# THE PROBLEM
Starting at the line that contains "Development of the", output each line exactly as written through the end of the listing below, but leave out the pictures.
=== SUPPLIED INFORMATION ===
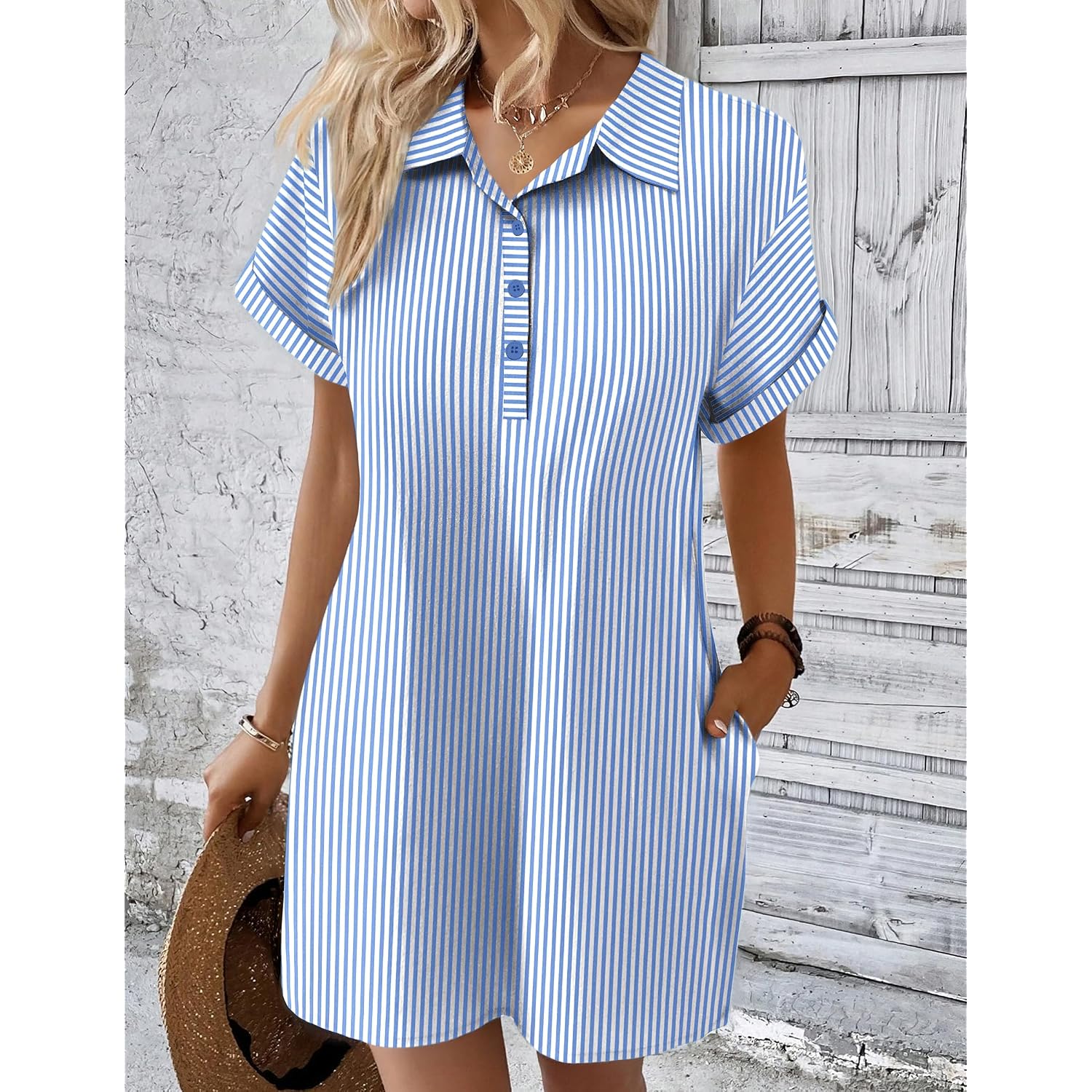 Zeagoo Womens Cotton Shirt Dress Summer Casual Short Sleeve Button Down Beach Cover Up Shirts With Pockets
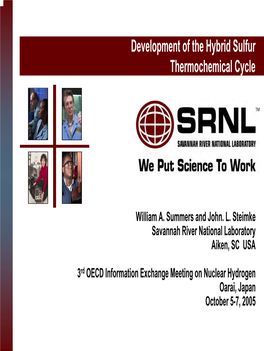 Development of the Hybrid Sulfur Thermochemical Cycle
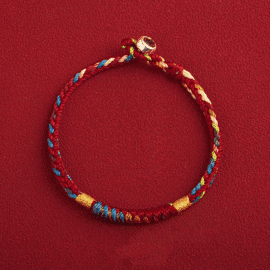 Bracelet Tibétain Multicolore Tressé à la Main sur fond rouge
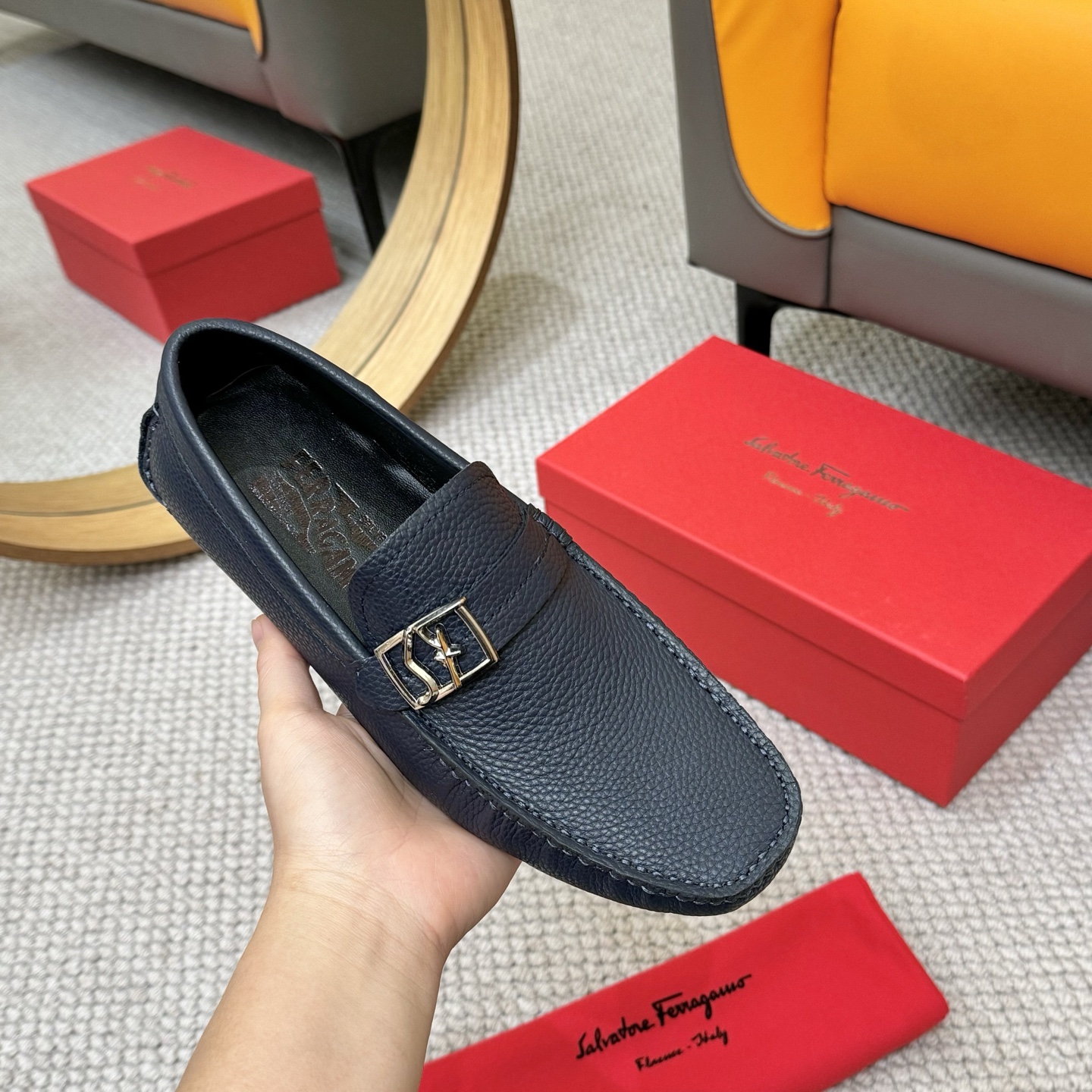 Salvatore Ferragamo Men's Leather Loafers with Buckle Detail, size 38-46 6 i1743700101178 2815 0 4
===
# RESULT FOR THIS EXERCISE
 Development of the Hybrid Sulfur Thermochemical Cycle
 Bracelet Tibétain Multicolore Tressé à la Main sur fond rouge
 Salvatore Ferragamo Men's Leather Loafers with Buckle Detail, size 38-46 6 i1743700101178 2815 0 4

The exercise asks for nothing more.